When you want to deploy the next version update the image tag and version label in the manifest and re-run

$ kubectl apply -f ./deployment.yaml

It’s as simple as that. The deployment will then execute a rolling update replacing each pod with a new one 1 at a time. This usually takes less than half a minute when only 3 replicas are used.

The kubectl apply command will not wait for the deployment to finish, for that you have to jump through some hoops.

Currently we do that with something like below

deployment_json=$(kubectl get deployment/my-app -o json)
generation=$(echo $deployment_json | jq -r ".metadata.generation")
observedGeneration=0
desiredReplicas=$MIN_PODS
updatedReplicas=0
availableReplicas=0
while [ "$observedGeneration" -lt "$generation" ] || 
      [ "$updatedReplicas" -lt "$desiredReplicas" ] || 
      [ "$availableReplicas" -lt "$updatedReplicas" ]
do
  sleep 5s
  deployment_json=$(kubectl get deployment/my-app -o json)
 
  observedGeneration=$(echo $deployment_json | jq -r ".status.observedGeneration")
  if ! [[ "$observedGeneration" =~ ^[0–9]+$ ]]
  then
    observedGeneration=0
  fi
  desiredReplicas=$(echo $deployment_json | jq -r ".spec.replicas")
  if ! [[ "$desiredReplicas" =~ ^[0–9]+$ ]]
  then
    desiredReplicas=$MIN_PODS
  fi
  updatedReplicas=$(echo $deployment_json | jq -r ".status.updatedReplicas")
  if ! [[ "$updatedReplicas" =~ ^[0–9]+$ ]]
  then
    updatedReplicas=0
  fi
  availableReplicas=$(echo $deployment_json | jq -r ".status.availableReplicas")
  if ! [[ "$availableReplicas" =~ ^[0–9]+$ ]]
  then
    availableReplicas=0
  fi
done

In here you probably want to make sure you set an upper time limit to wait for the deployment to finish and if it takes to long roll back using the following command

$ kubectl rollout undo deployment/my-app --namespace my-namespace

Templating manifests

Bash doesn’t have a template engine, but a basic form of doing replacements in the manifest can be done in the following way. Use variable notation in your manifest and make sure to use the curly braces.

apiVersion: v1
kind: Namespace
metadata:
  name: ${NAMESPACE}

And run the following command to replace the variable in the manifest and create the namespace from the resulting manifest.

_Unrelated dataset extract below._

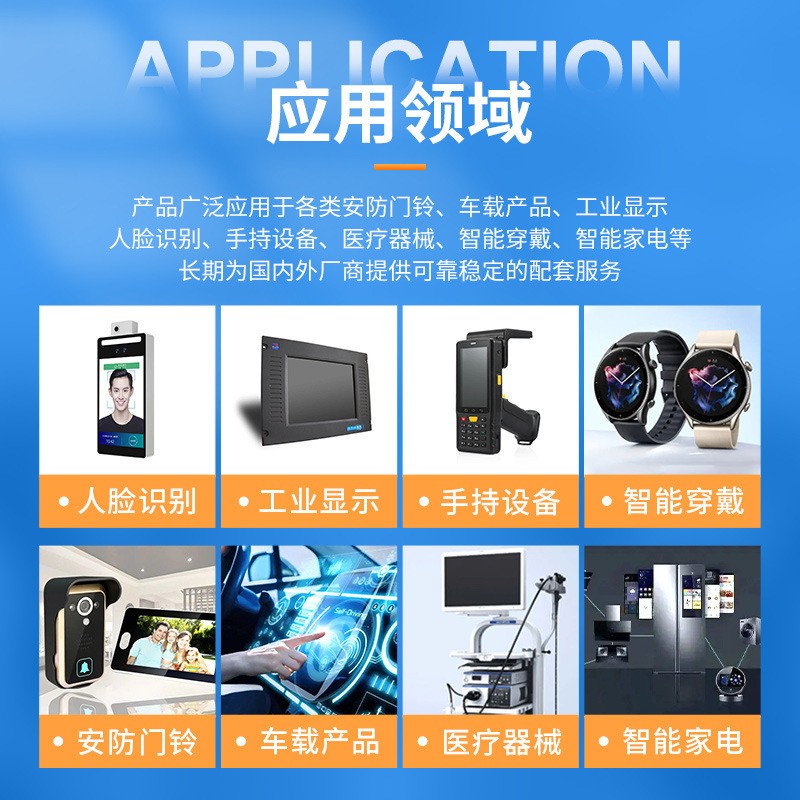 15.6寸工业电容触控面板 15604全视角USB接口电容触摸屏 魔筷OLED图5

$ NAMESPACE="my-namespace" sed -r 's/^(.*)(\$\{[A-Z_]+\})/echo "\1\2"/e' ./namespace.yaml | kubectl apply -f -

Or if you have gettext installed use the shorter

$ cat ./namespace.yaml | NAMESPACE="my-namespace" envsubst | kubectl apply -f -

For all the objects we’ve used you can re-apply the same manifest and Kubernetes will create if it does not exists or update if it already does. So each time you deploy you can re-apply the namespace, service and deployment without any unwanted side-effects.

I hope this article shows you Kubernetes’ core concepts, how simple it is to run your application in Container Engine and gives you some ideas on how to automate the deployment in your deployment pipelines.